- [YOUR OBJECTIVE]
Take the lines from the one containing "Carrot Seed Oil" through the final line below and restate them exactly. Omit the pictures.

================================

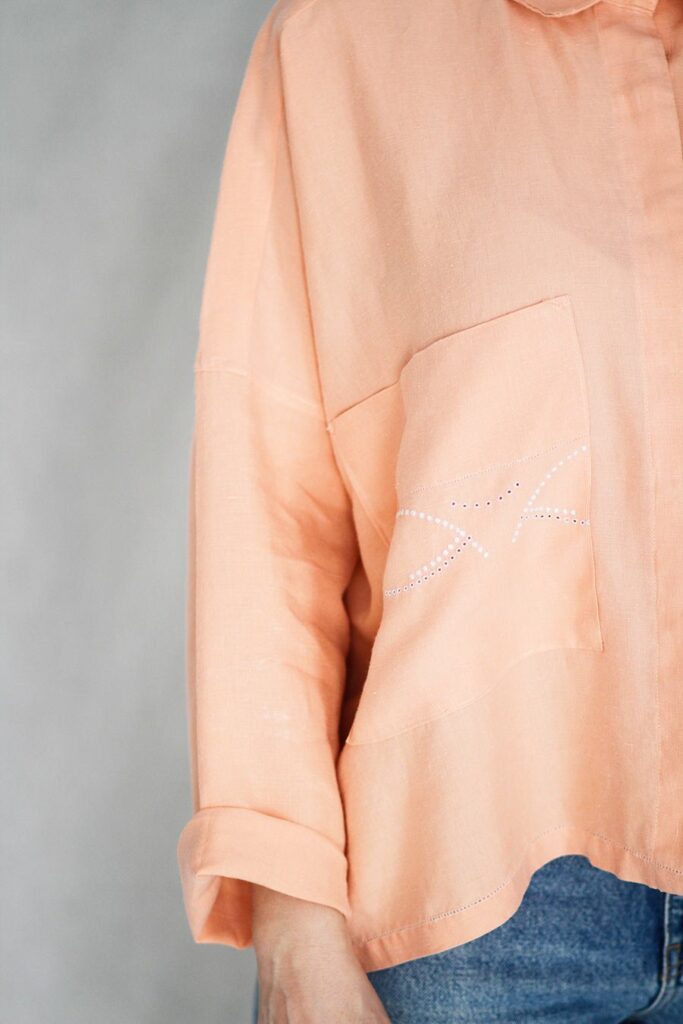 Camisa Remedios n.11 1 Camisa Remedios n.11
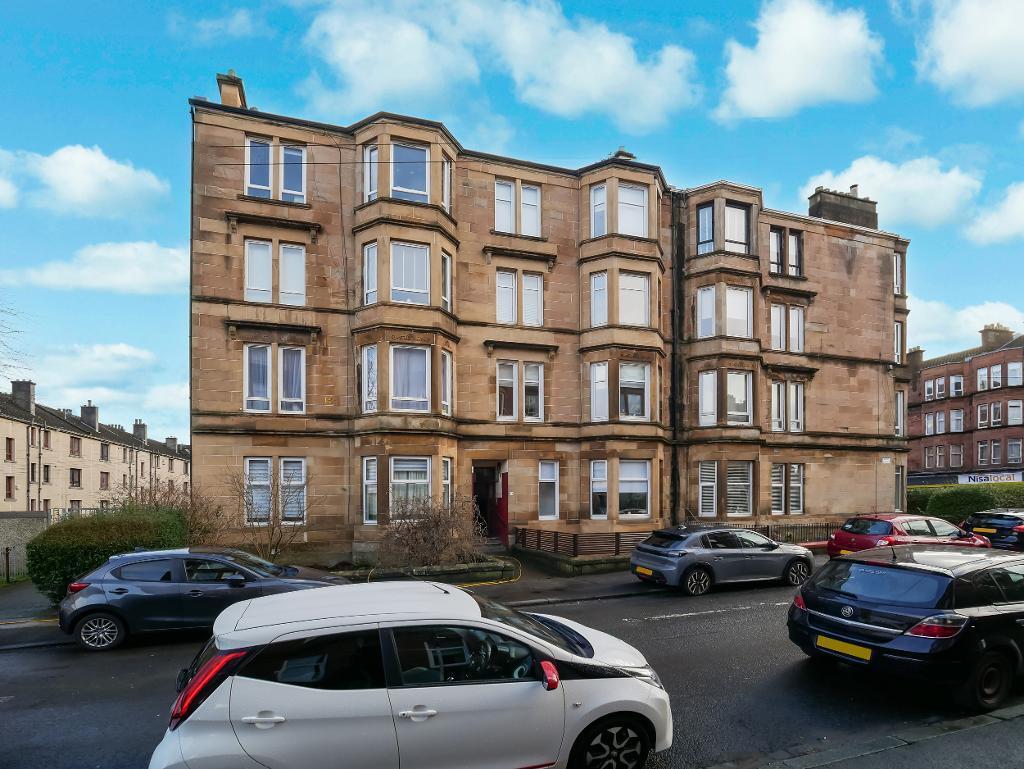 Main image of property: Wood Street, Dennistoun, G31 3BY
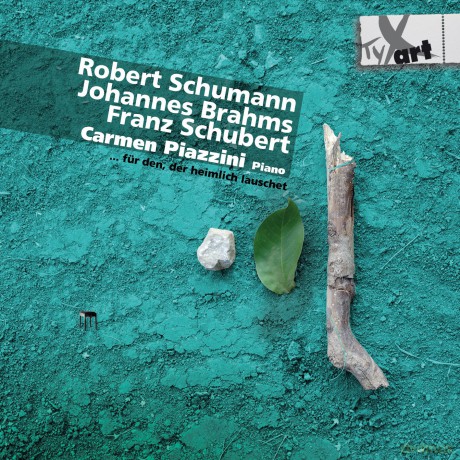 Piazzini,Carmen: Klavierwerke [CD]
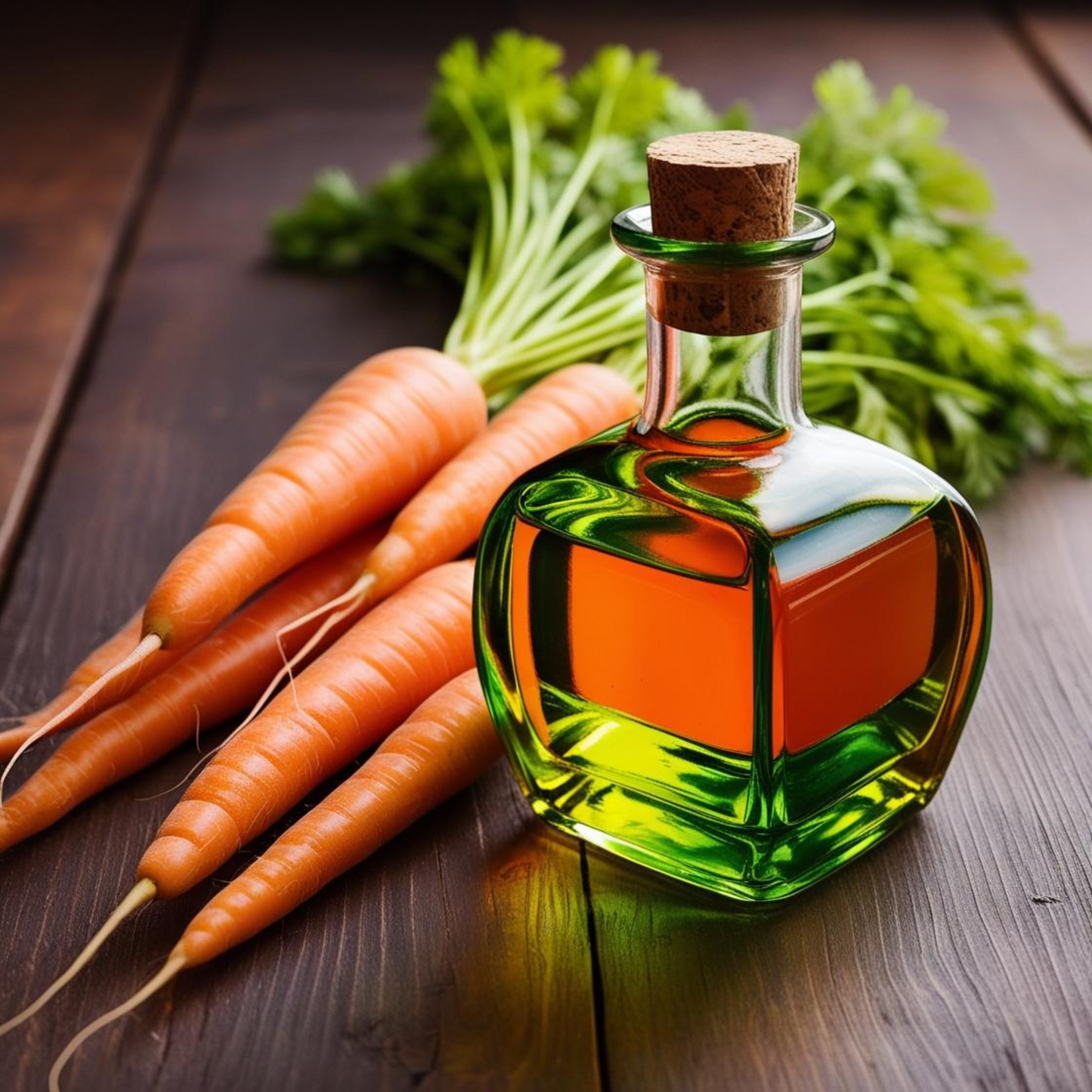 Carrot Seed Oil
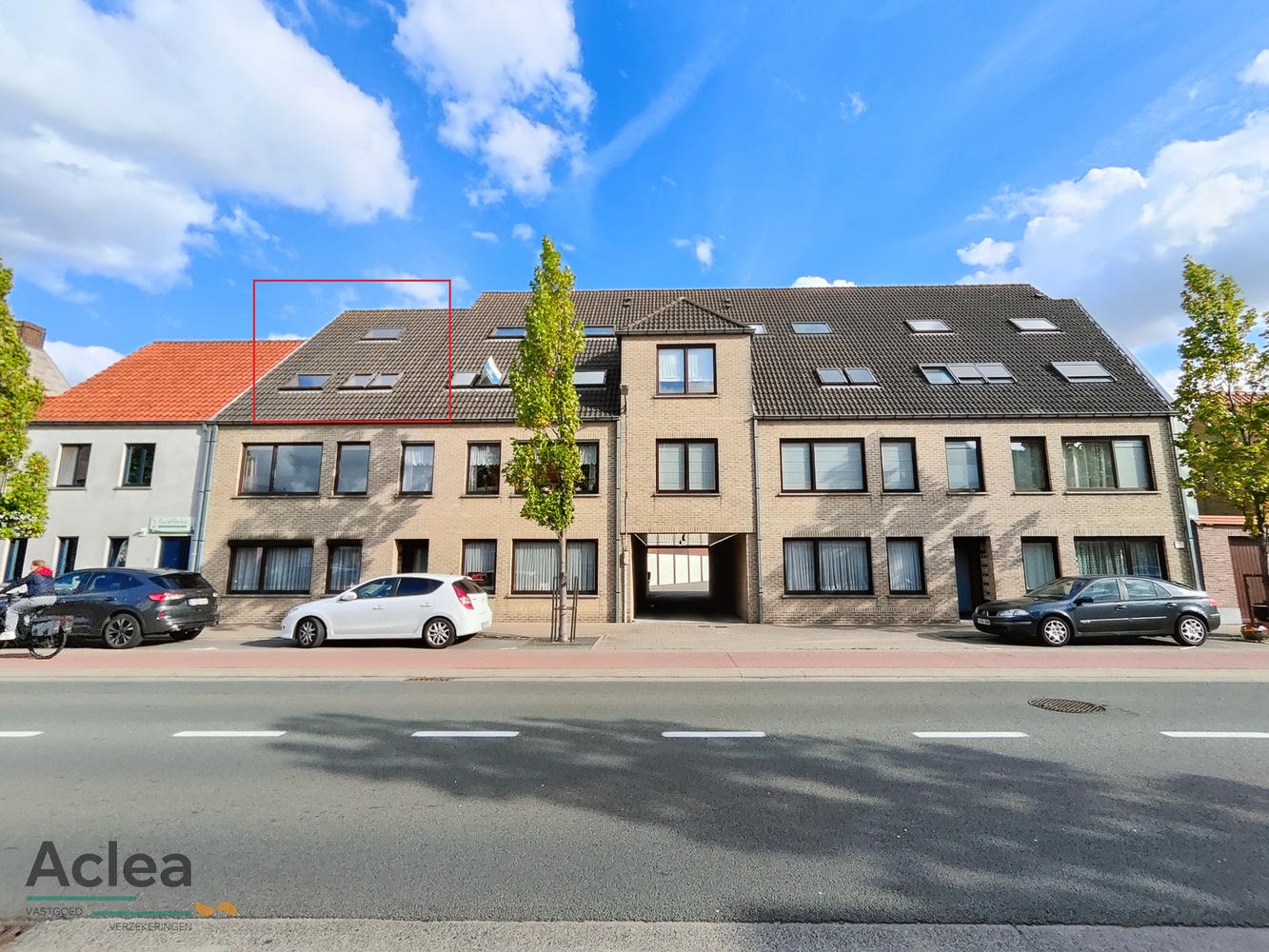 Apartment for rent in Eeklo with 1 bedroom - photo 1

================================

- [ANSWER SECTION]
 Carrot Seed Oil
 Apartment for rent in Eeklo with 1 bedroom - photo 1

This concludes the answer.